▶ **DESCRIPTION OF THE TASK**:
Set down the line containing "Pointed Cross Necklace" and every line that follows it in the listing below, exactly as written and with nothing added.

##########

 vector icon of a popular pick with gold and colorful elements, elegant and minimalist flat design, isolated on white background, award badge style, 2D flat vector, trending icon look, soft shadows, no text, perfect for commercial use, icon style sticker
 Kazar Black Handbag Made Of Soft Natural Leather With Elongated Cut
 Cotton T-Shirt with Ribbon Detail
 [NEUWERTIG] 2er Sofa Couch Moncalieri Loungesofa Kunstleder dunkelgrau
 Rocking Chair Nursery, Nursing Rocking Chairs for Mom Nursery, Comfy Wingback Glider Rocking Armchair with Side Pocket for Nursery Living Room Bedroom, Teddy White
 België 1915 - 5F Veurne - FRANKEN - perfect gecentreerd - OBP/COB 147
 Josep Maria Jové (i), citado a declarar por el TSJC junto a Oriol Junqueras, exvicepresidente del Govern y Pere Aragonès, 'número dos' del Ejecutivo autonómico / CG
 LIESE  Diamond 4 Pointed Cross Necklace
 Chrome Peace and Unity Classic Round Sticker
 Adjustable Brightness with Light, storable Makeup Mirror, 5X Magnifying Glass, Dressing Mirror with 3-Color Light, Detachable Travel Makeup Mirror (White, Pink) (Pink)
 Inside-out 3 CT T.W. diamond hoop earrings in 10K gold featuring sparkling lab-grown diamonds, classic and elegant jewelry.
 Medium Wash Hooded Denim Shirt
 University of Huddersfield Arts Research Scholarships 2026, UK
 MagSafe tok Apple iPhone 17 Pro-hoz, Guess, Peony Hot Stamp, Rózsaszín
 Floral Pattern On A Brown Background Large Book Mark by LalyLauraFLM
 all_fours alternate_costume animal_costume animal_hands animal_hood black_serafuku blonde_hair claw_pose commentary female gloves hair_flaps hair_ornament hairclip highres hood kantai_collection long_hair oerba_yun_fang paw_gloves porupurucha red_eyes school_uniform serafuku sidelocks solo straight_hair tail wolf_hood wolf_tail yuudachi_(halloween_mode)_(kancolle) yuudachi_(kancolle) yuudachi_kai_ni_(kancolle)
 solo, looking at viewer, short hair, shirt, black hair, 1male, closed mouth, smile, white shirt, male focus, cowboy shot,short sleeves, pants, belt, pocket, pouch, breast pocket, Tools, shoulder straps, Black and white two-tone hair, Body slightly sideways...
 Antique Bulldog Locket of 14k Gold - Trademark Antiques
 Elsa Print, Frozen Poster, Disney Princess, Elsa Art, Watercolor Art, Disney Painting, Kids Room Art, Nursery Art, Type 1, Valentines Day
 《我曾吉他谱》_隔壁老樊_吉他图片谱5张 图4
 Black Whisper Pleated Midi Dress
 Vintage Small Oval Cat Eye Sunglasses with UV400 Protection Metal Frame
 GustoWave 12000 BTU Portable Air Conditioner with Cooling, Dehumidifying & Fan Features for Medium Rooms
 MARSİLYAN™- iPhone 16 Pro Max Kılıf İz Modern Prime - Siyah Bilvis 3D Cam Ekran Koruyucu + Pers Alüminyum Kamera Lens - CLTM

##########

▶ **REPLY TO THE TASK**:
 LIESE  Diamond 4 Pointed Cross Necklace
 Chrome Peace and Unity Classic Round Sticker
 Adjustable Brightness with Light, storable Makeup Mirror, 5X Magnifying Glass, Dressing Mirror with 3-Color Light, Detachable Travel Makeup Mirror (White, Pink) (Pink)
 Inside-out 3 CT T.W. diamond hoop earrings in 10K gold featuring sparkling lab-grown diamonds, classic and elegant jewelry.
 Medium Wash Hooded Denim Shirt
 University of Huddersfield Arts Research Scholarships 2026, UK
 MagSafe tok Apple iPhone 17 Pro-hoz, Guess, Peony Hot Stamp, Rózsaszín
 Floral Pattern On A Brown Background Large Book Mark by LalyLauraFLM
 all_fours alternate_costume animal_costume animal_hands animal_hood black_serafuku blonde_hair claw_pose commentary female gloves hair_flaps hair_ornament hairclip highres hood kantai_collection long_hair oerba_yun_fang paw_gloves porupurucha red_eyes school_uniform serafuku sidelocks solo straight_hair tail wolf_hood wolf_tail yuudachi_(halloween_mode)_(kancolle) yuudachi_(kancolle) yuudachi_kai_ni_(kancolle)
 solo, looking at viewer, short hair, shirt, black hair, 1male, closed mouth, smile, white shirt, male focus, cowboy shot,short sleeves, pants, belt, pocket, pouch, breast pocket, Tools, shoulder straps, Black and white two-tone hair, Body slightly sideways...
 Antique Bulldog Locket of 14k Gold - Trademark Antiques
 Elsa Print, Frozen Poster, Disney Princess, Elsa Art, Watercolor Art, Disney Painting, Kids Room Art, Nursery Art, Type 1, Valentines Day
 《我曾吉他谱》_隔壁老樊_吉他图片谱5张 图4
 Black Whisper Pleated Midi Dress
 Vintage Small Oval Cat Eye Sunglasses with UV400 Protection Metal Frame
 GustoWave 12000 BTU Portable Air Conditioner with Cooling, Dehumidifying & Fan Features for Medium Rooms
 MARSİLYAN™- iPhone 16 Pro Max Kılıf İz Modern Prime - Siyah Bilvis 3D Cam Ekran Koruyucu + Pers Alüminyum Kamera Lens - CLTM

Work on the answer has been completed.